Your C# Collections Are Leaking: Common Performance Pitfalls and How to Plug Them

Every C# developer has written code that works fine in small tests but slows to a crawl under real load. Often the culprit isn't bad algorithms—it's how we use collections. The list you chose because it was familiar, the LINQ query you wrote without thinking about allocations, the dictionary you left with a default comparer—these seemingly innocent choices can silently leak performance. This guide walks through the most common collection pitfalls in C# and shows how to fix them without over-engineering.

Where Collection Leaks Show Up in Real Work

Collection performance problems rarely appear in unit tests or during local development.
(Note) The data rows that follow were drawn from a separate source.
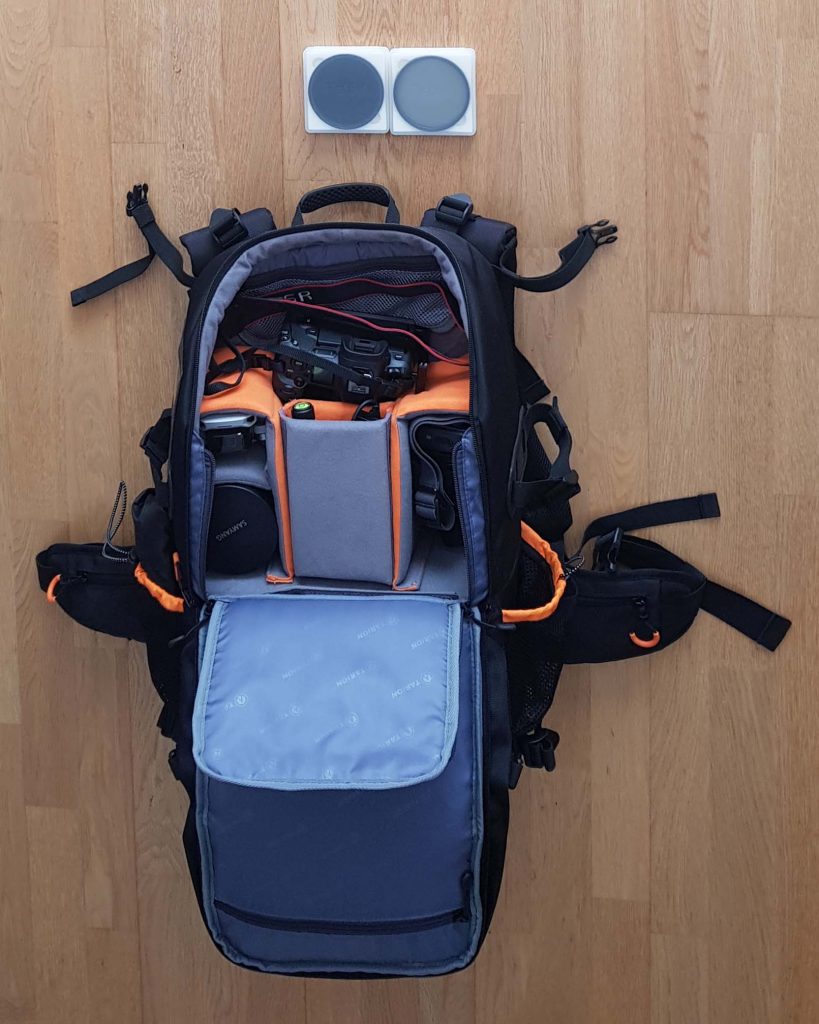 Equipo fotográfico ordenado en una mochila fotográfica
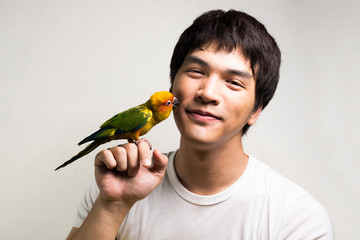 Asian men with parrot - Sun Conure - 64192661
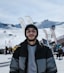 a man standing in front of a snow covered ski slope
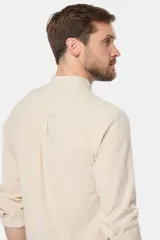 Camisa de lino color beige con cuello mao, manga larga, cierre frontal de botones y bordado sutil en el pecho.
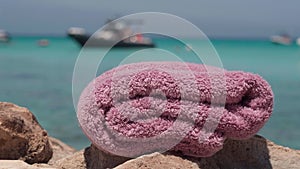 Closeup pink soft pink towel Mediterranean sea shore with blue lagoon at background. Clean textile laundry advertisement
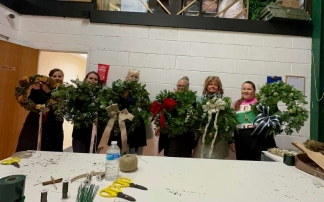 Christmas wreath making workshop at The Grapevine Bar in Romiley, with guests creating fresh foliage wreaths, enjoying mulled wine and mince pies. 3rd December 2025, 6PM. 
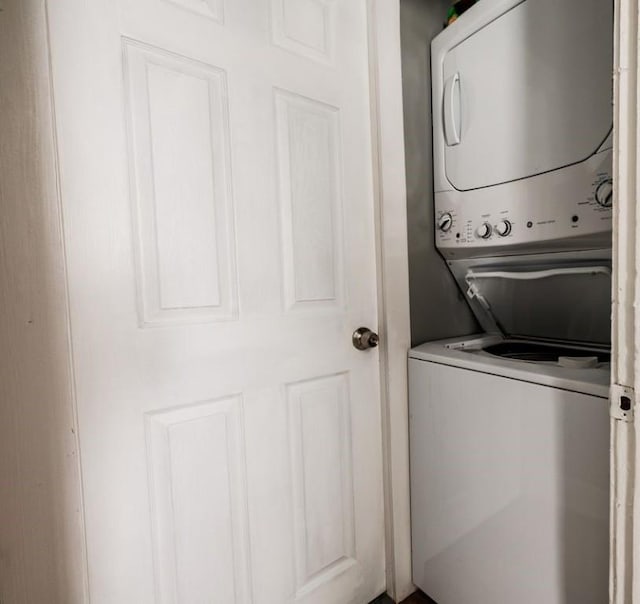 clothes washing area with stacked washer and dryer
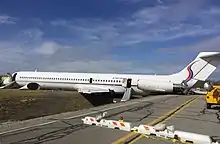 A jet airliner with tail-mounted engines and a T-tailed configuration, painted mostly white with a thin red stripe running along the fuselage below the windows, lying on its belly across a ditch; the aircraft's tail is resting on a paved road, while the forwards portion of the fuselage rests on a grassy field on the other side of the ditch.  The aircraft's tailcone has detached and is lying on the grass next to the left side of the fuselage.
They emerge under production load, and they tend to cluster in a few predictable places. The most common is high-traffic API endpoints that return lists of entities. A typical controller action might fetch a set of records, filter them with LINQ, and materialize the result into a List<T>. If that endpoint handles thousands of requests per second, the repeated allocations and GC pressure become a bottleneck.

Another hotspot is batch processing pipelines. When you read a file line by line and accumulate results into a collection that grows unpredictably, the internal array resizing costs add up. A team I once worked with had a CSV import job that took 45 minutes for a million-row file. Replacing the intermediate List<T> with a pre-sized array and a separate index variable cut the time to under 10 minutes—no algorithm change, just better collection hygiene.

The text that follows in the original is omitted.